[Records to use]
################
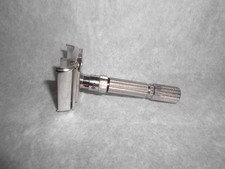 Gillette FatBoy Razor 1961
################
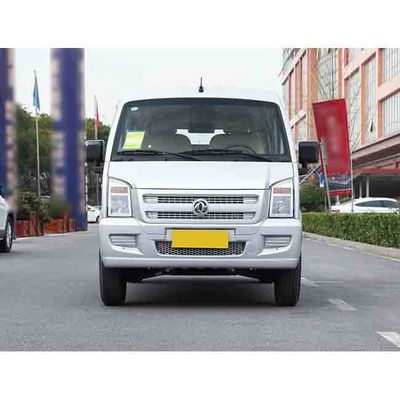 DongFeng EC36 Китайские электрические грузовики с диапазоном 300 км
################
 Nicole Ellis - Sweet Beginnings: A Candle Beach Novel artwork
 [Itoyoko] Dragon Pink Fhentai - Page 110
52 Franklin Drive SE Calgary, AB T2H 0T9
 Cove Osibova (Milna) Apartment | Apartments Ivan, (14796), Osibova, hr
################
[What needs to be done] When you reach the line in the material above that holds "Nicole Ellis - Sweet", begin reproducing lines exactly, and stop after the line that holds "Cove Osibova (Milna)".

[Solution for this task]
 Nicole Ellis - Sweet Beginnings: A Candle Beach Novel artwork
 [Itoyoko] Dragon Pink Fhentai - Page 110
52 Franklin Drive SE Calgary, AB T2H 0T9
 Cove Osibova (Milna) Apartment | Apartments Ivan, (14796), Osibova, hr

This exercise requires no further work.